Useful MATLAB Functions for Automated Driving Systems
LidarData
segmentGroundFromLidarData
Segments ground and objects in LiDAR point cloud.hough(edges)
performs Hough Transform for line detection.Practice Questions
Test Yourself
1. Load a road image and detect lane markings using edge detection.
2. Perform object detection using LiDAR data and visualize the results.
3. Simulate a simple adaptive cruise control system with a lead vehicle.
4. Lane Detection: Given a new road image, apply the Canny edge detection method to detect edges and identify lane boundaries using the Hough Transform. Modify the line width and color of the detected lanes.
5. Adaptive Cruise Control: Simulate an adaptive cruise control system where the ego vehicle initially travels at 50 m/s, and the target vehicle is at 40 m/s with a starting distance of 80 meters. Adjust the safe following distance based on a time gap of 1.5 seconds.
6. Object Detection with YOLO: Train a custom YOLO object detector using a dataset of traffic signs. Then, test your detector on a sample image containing multiple signs and compare its performance with the pretrained YOLO model.
7. Simulating Vehicle Dynamics: Simulate a vehicle’s motion on an elliptical track where the semi-major axis is 50 m and the semi-minor axis is 30 m. Use parametric equations to compute and plot the path.
8. Traffic Density Estimation: Analyze an aerial image with high traffic density. Write a MATLAB script to preprocess the image, apply binarization, and count vehicles. Experiment with different thresholds to improve the accuracy of vehicle detection.
9. Combination Task: Develop a complete simulation where a vehicle with an adaptive cruise control system follows a lead vehicle on a curved path. Incorporate lane detection to ensure the ego vehicle remains in its lane.

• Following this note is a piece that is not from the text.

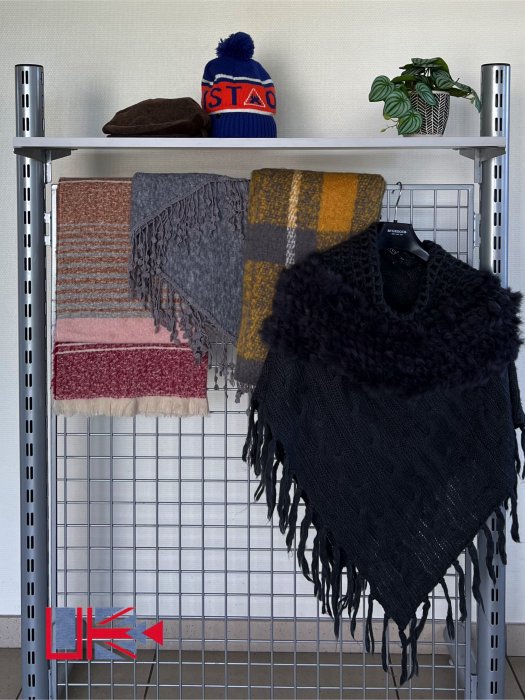 Shawls & hats 20 kg Shawls & hats - grade A + CR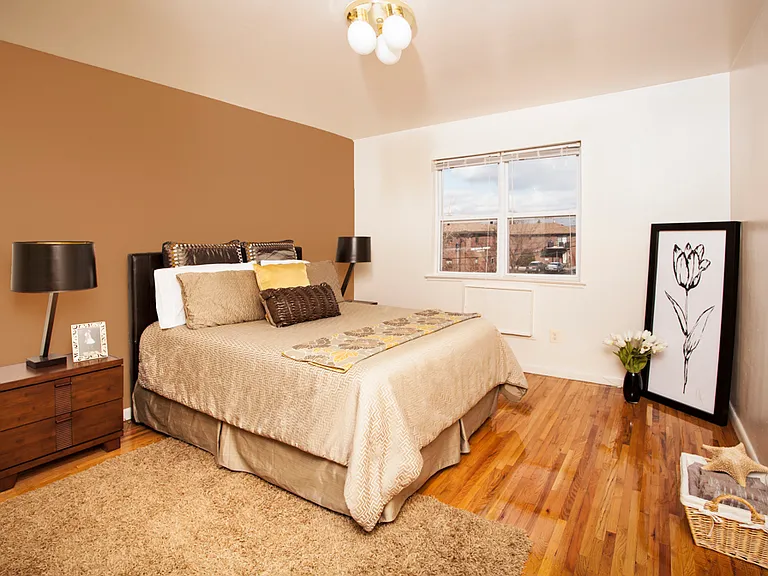 SDK Lodi Apartments — Photo 13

10. Real-Time Lane Detection: Extend the lane detection example to process a video file of a road. Display the detected lanes frame-by-frame in a live plot.
11. Vehicle Path Simulation: Simulate a vehicle moving in a spiral path, where the radius decreases over time. Visualize the path and compute the total distance traveled by the vehicle in 20 seconds.